Within moments of the bus leaving the Mexico City terminal bound for Veracruz I was fast asleep. I’d been traveling hard, seeing sights and meeting people by day, cataloging photos and writing by night. An eight hour bus ride meant a welcome opportunity to catch up on sleep. Some hours later I awoke and was surprised to see what appeared to be pollution from Mexico City still floating above the flat horizon like a gray blanket. But there was also something else: a brilliant white point floated atop the layer of grit.
I blinked a couple of times and rubbed the sleep out of my eyes, suspecting a mirage, but with every subsequent mile the snow-capped pinnacle grew clearer and more impressive, protruding effortlessly and suddenly from a flat plain. My map showed that this was Pico de Orizaba volcano, the highest mountain peak in Mexico, third highest in North America, and second most prominent volcanic peak in the world after Africa’s Mount Kilimanjaro. It is considered an active volcano, although it hasn’t erupted since 1687.

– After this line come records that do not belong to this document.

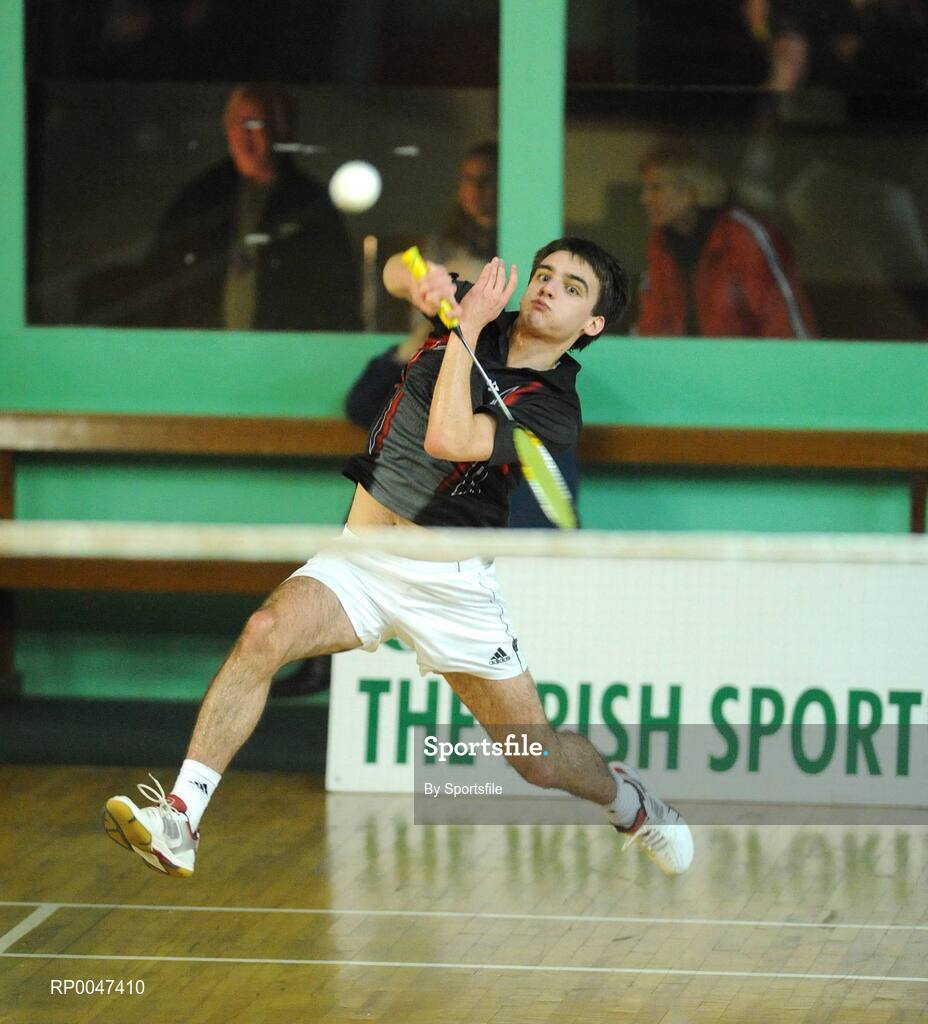 2 February 2008; Andrew Shannon in action during Round 2 of the Mens Senior Singles. Irish Senior National Badminton Championships 2008, Badminton Centre, Baldoyle, Dublin. Photo by Sportsfile  *** Local Caption ***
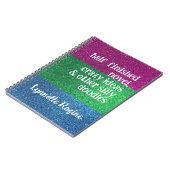 多性ゲイプライドグリッターカスタム文字テンプレート ノートブック (左側)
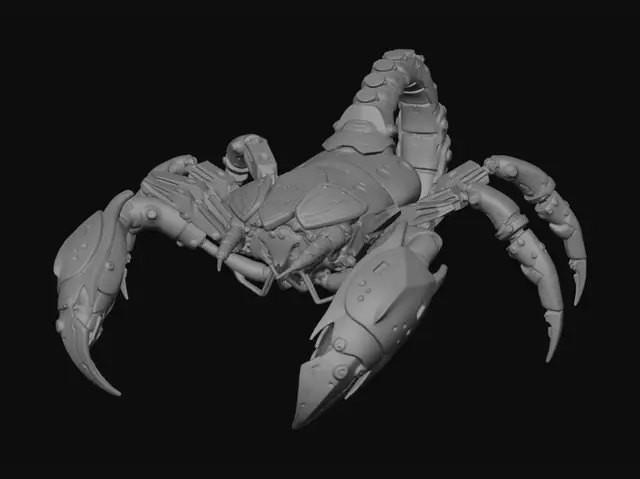3D model for A high-tech cybernetic arachnid (scorpion). Standing in a symmetrical, neutral pose with six mechanical legs splayed. Dark weathered steel and brass materials. Large mechanical pincers. A complex multi-jointed tail ending in a glowing purple plasma stinger. Small red LED optic sensors. Hard-surface industrial design, intricate mechanical details, clean mesh topology, detailed textures, neutral studio lighting.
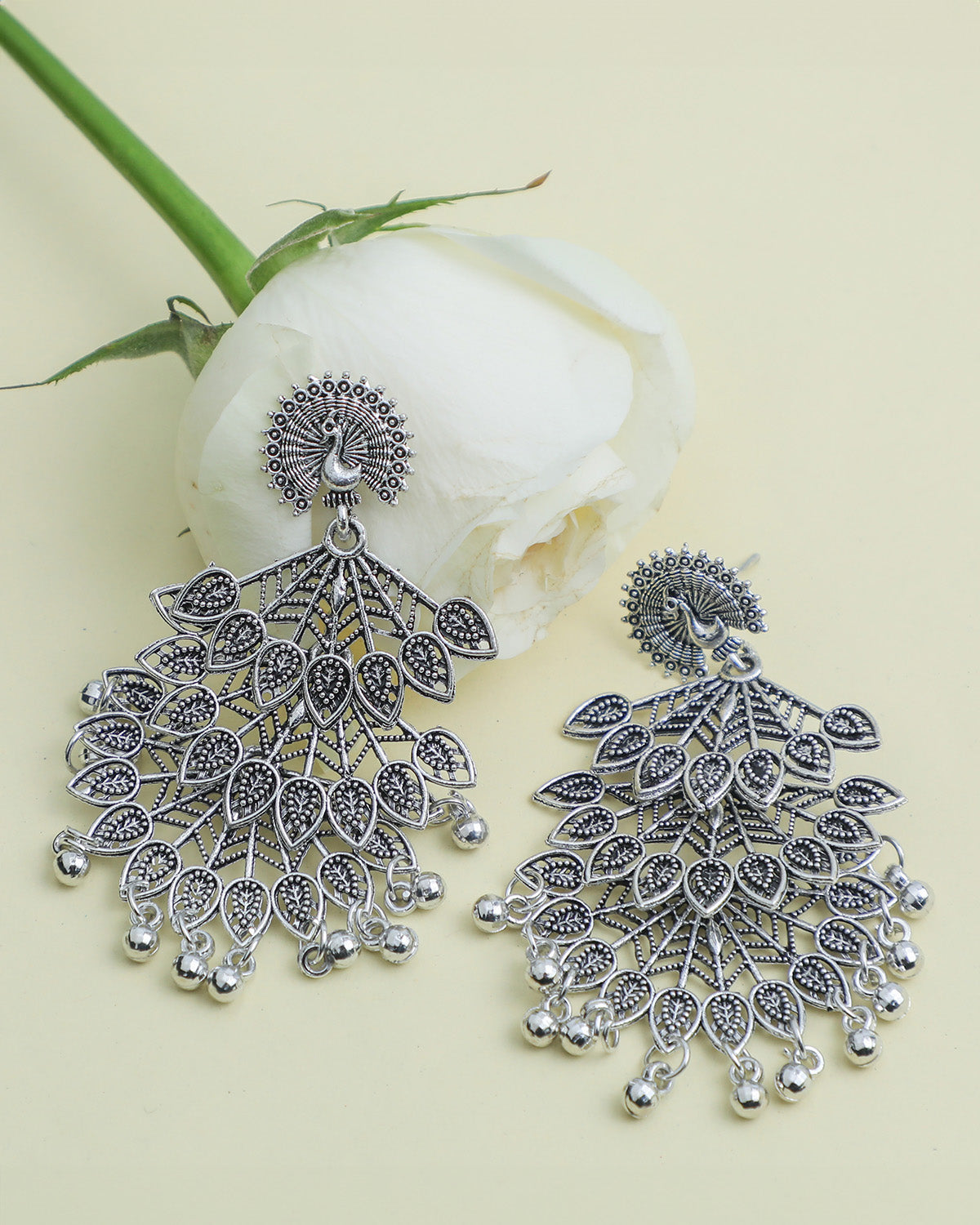 VOJ Silver Plated Oxidised Peacock Shaped Studded Earrings - Swadesiicart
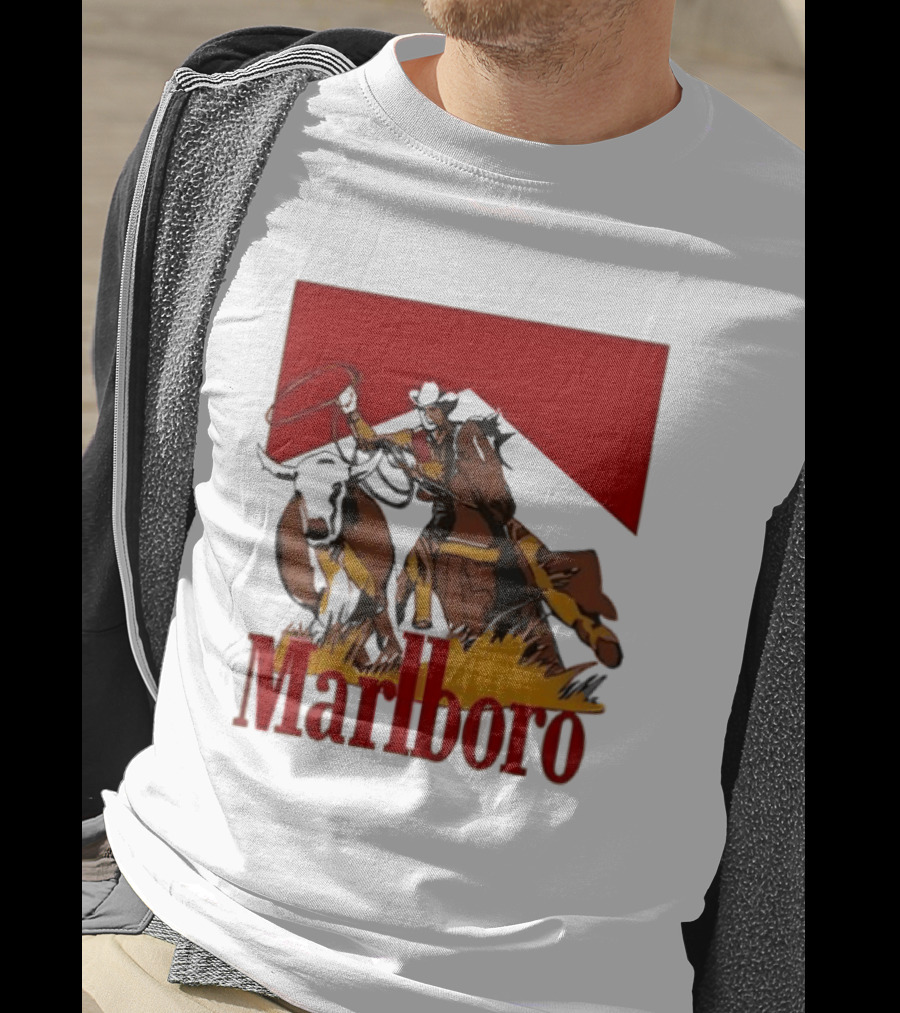 Marlboro Cowboy With Lasso Riding Horse Rugged Outdoors Adventure T-Shirt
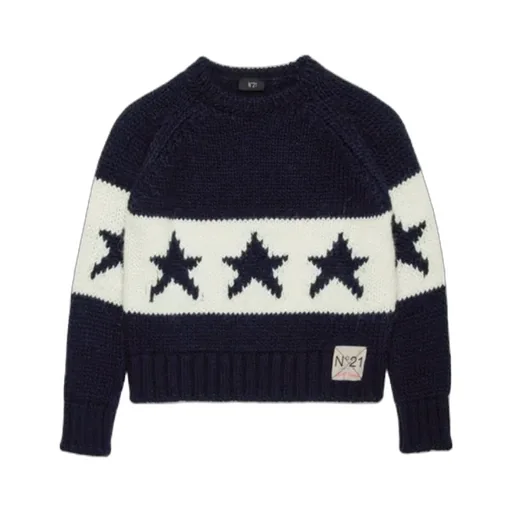 Nº21 Kids Star Intarsia-Knitted Crewneck Jumper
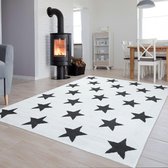 Tapiso Luxury Vloerkleed Wit Slaapkamer Woonkamer Modern Tapijt Maat- 180x250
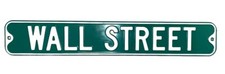VTG Green WALL STREET Sign Metal 36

The summit and its foothills form Pico de Orizaba National Park, popular with mountain climbers for its numerous routes to the summit and with hikers for the many trails winding though pine forests that cover its lower slopes. The haze, rather than being pollution, occurs because tropical air from the Gulf of Mexico meets cooler inland air at the mountain, creating a persistent drizzle for much of the year and the optical illusion that, from a distance, the mountain is floating in the air.